Subscripts and sizes should be signed

Well, on one level, yes, most abstract algorithms can be written equally fluently whether or not index variables can represent negative numbers ... precisely because most abstract algorithms do not need index variables to be able to represent negative numbers.

On another level: No, it does matter. It goes more with the grain of Rust, or C, or ... every other language I can think of, that has unsigned numeric types at all ... to use unsigned index types, and that is because programming language designers choose to make invalid states unrepresentable in this instance.

There's a practical reason for that: nobody presently makes a computer with more than 263 bytes of RAM or disk. Back in the days when computers typically had 32-bit pointers and 3 or 4 gigabytes of RAM, programs that didn't handle more than 2GB in one array correctly were a regular headache at the job I had at the time (which was making custom modifications to GCC, and sometimes the requested modification was "make it magically fix the bugs in our program").

If you cannot share the project, or at least the abstract algorithm, then I don't think you will be able to convince anyone here that your proposed change would we worthwhile, even if backward compatibility didn't make it impossible.

2 Likes

You did not answer the most important part of my response. What is your desired outcome of this thread? Please be specific, indicating every step that is necessary, including the possible breaking changes and implications of them.

1 Like

How unsigned operations imply "no type safety"? It is just a number operations.

It is a useless theoretical conception, when u need some math. It is ok for enums when u need just unique id and nothing more, but its a problem when u need math.
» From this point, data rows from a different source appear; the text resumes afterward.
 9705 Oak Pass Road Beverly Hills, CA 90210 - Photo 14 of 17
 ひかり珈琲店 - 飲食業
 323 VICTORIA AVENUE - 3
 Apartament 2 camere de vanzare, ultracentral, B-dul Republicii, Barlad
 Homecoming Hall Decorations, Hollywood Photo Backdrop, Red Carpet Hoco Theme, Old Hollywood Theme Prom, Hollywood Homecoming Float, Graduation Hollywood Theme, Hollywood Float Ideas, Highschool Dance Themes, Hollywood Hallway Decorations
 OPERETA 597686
Some comments above I provided an example with chessboard 256x256. The most useful type for it is isize. If you use u8, you just create a problems with conversions on each small math operation.
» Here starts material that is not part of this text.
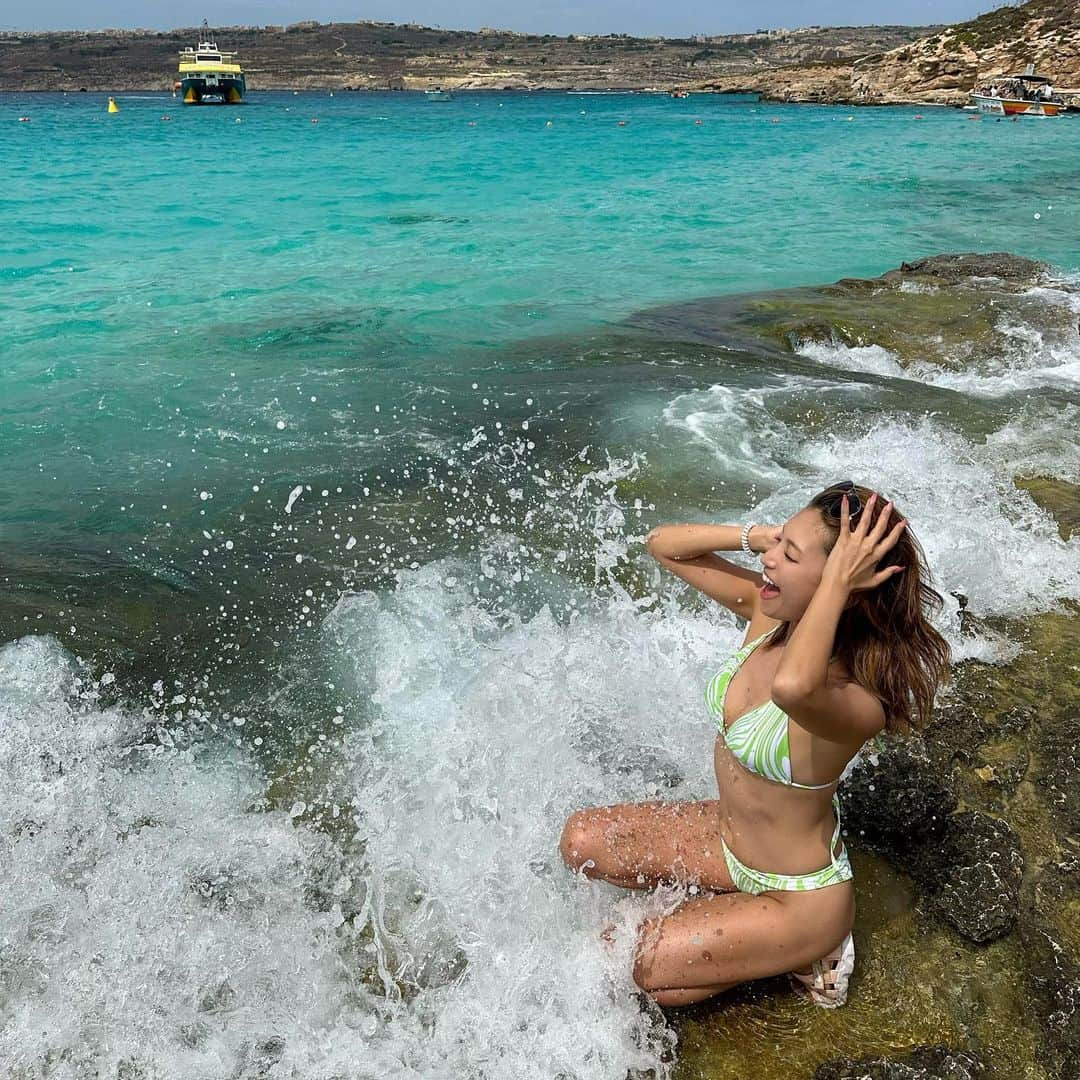 市原彩花さんのインスタグラム写真 - (市原彩花Instagram)「ザバーーーン😂🌊 3枚目から🤣🌊🌊  次は海が穏やかな時にコミノ島行ってみたい😂 すぐ後ろにライフセーバーと救護室もあって安全面はちゃんとしてる島でした🛟  人生で初めてクラゲに刺されたんだけど(足首をちょっとだけ)、ライフセーバーに酢をスプレーされて”No problem😎”って言われた😂んじゃいっか😂🪼  #malta#maltagram#maltaphotography#maltatravel#マルタ#マルタ共和国#マルタ旅行#マルタ観光#ヨーロッパ#ヨーロッパ旅行#europe#europetravel#海外旅行#コミノ島#comino#cominoisland#水着#ビキニ#bikini#swimsuit#bajurenang#japanesegirl#bikinigirl#bikinimodel」9月14日 21時19分 - ayaka_ichihara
If you need more that 2**31 elements in array, you need 64-bit machine. Using so big arrays on 32-bit machine is a very rare case. If extra bit is important for you, you do something wrong, because tomorrow you fill need one more extra bit.

I provided some small examples, where unsigned index is a problem. And I did not see opposite examples. Theoretical words "compile-time invariants"? Leave them for hipsters, I dont believe in these words, when I really see in all cases, that they only create more conversion boilerplate.

I think, I must attract some attention to this problem, because looks like most part of Rust's community still doesnt know, that checking signed index need only one comparing instruction. I must tell them, how to do it. And a lot of people just repeat theoretical words about bounded types etc, and they think, that it is useful conception, because the name of this conception sounds cool. I must tell them, that it is false.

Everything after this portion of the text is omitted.